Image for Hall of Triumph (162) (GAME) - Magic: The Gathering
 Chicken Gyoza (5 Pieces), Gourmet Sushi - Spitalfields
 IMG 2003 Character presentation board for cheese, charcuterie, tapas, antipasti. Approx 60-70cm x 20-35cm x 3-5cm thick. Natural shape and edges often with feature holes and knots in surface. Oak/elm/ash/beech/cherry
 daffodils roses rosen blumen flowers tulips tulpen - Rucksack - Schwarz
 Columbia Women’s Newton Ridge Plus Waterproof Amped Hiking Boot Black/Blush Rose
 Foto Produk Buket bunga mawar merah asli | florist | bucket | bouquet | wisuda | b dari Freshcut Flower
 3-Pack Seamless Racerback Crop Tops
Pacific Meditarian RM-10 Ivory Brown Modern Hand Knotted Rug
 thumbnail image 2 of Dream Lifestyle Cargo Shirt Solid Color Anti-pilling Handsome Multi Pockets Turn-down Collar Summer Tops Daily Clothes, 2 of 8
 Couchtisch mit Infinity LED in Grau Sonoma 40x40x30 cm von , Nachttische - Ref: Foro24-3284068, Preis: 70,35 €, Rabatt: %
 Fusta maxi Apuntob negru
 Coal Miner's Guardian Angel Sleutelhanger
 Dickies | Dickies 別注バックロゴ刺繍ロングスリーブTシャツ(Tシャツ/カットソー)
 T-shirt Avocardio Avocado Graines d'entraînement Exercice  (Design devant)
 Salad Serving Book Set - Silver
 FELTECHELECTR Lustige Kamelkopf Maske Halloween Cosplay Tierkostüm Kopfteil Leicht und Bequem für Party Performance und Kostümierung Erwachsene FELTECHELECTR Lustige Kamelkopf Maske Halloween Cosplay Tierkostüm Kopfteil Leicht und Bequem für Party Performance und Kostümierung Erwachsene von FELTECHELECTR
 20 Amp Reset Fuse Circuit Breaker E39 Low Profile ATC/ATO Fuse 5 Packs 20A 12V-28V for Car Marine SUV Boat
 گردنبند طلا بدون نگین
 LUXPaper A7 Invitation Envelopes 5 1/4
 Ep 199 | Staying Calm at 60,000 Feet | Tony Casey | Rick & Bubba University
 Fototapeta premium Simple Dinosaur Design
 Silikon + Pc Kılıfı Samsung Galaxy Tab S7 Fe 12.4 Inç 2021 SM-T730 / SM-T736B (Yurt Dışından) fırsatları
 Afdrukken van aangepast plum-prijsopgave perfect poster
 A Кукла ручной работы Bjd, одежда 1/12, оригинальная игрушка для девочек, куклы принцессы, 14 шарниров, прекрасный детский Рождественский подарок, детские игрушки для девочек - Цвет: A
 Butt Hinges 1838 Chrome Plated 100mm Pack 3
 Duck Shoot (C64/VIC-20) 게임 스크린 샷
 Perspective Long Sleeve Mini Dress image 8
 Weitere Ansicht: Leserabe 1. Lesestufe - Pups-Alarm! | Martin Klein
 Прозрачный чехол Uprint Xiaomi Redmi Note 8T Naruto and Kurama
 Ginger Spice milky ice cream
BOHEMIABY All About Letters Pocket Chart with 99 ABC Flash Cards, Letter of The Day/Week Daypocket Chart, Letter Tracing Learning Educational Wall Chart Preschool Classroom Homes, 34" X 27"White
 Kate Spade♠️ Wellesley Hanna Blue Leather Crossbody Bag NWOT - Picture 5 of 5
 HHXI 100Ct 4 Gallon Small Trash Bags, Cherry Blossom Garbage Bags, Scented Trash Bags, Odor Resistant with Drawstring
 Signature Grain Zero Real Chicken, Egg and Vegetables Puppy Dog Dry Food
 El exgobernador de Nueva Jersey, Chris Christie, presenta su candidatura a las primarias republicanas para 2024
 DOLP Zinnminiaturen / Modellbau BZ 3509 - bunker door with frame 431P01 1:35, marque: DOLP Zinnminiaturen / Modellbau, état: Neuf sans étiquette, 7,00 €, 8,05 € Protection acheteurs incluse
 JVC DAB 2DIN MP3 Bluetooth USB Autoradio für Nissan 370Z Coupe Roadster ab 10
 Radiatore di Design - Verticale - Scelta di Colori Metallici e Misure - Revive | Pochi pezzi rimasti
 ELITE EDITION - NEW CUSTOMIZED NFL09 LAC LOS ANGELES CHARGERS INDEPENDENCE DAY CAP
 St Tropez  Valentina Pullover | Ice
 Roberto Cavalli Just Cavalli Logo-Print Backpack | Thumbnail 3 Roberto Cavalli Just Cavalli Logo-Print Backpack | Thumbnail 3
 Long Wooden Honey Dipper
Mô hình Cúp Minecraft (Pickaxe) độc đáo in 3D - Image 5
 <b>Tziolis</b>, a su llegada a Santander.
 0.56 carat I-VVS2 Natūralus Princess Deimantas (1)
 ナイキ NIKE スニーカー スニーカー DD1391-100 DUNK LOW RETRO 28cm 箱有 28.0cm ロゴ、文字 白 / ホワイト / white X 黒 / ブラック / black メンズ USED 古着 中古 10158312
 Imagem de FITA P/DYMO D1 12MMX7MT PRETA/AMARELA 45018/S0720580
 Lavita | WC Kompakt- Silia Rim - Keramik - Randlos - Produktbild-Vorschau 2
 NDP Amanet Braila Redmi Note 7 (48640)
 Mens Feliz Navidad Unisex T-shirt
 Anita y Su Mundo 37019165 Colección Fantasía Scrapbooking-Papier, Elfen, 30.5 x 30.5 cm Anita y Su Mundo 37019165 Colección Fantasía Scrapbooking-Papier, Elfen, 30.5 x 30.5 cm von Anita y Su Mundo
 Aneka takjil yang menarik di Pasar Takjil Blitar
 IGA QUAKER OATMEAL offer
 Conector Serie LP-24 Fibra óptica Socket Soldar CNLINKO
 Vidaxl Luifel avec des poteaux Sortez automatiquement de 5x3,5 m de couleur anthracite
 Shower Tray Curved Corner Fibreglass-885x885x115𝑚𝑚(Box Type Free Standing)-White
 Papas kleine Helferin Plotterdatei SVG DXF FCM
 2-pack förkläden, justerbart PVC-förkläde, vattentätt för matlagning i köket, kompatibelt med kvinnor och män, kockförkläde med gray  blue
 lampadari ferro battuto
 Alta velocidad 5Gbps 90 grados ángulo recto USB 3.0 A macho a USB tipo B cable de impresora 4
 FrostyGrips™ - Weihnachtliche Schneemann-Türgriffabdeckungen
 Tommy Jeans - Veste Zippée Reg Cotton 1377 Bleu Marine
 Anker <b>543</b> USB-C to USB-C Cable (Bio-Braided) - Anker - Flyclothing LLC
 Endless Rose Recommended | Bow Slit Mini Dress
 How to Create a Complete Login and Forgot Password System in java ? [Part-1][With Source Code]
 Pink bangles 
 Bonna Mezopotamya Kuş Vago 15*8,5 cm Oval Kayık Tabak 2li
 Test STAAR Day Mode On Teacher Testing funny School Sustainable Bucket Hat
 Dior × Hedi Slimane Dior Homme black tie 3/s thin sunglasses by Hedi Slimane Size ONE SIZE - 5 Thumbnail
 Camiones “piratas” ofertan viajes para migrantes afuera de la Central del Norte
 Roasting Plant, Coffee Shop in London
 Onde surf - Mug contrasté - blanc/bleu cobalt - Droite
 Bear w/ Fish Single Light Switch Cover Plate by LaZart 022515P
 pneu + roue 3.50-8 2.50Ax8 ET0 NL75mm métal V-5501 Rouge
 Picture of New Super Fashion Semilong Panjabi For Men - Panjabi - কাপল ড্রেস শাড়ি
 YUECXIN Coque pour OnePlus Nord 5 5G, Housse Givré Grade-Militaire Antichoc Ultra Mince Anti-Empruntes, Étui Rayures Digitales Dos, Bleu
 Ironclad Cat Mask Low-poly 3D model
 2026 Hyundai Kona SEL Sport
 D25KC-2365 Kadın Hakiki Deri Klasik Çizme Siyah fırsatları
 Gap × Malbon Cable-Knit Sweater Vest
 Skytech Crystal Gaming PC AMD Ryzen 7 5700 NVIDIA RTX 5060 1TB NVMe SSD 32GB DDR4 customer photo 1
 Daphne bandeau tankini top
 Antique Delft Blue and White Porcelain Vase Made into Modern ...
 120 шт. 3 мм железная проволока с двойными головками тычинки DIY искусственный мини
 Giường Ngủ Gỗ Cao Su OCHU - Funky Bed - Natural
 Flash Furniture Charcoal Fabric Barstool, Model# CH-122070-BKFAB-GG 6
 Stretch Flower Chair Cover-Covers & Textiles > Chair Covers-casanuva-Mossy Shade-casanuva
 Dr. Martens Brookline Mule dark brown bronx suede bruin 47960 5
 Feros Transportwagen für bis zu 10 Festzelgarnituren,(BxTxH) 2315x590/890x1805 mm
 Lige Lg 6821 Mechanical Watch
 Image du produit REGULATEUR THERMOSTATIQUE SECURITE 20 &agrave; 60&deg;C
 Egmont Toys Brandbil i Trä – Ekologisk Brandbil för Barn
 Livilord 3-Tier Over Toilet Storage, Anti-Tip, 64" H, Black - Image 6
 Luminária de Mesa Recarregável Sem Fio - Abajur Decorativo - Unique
====
Your reply should hold every line from the data that contains "Picture", copied in full.

#### [Exercise solution]
 Kate Spade♠️ Wellesley Hanna Blue Leather Crossbody Bag NWOT - Picture 5 of 5
 Picture of New Super Fashion Semilong Panjabi For Men - Panjabi - কাপল ড্রেস শাড়ি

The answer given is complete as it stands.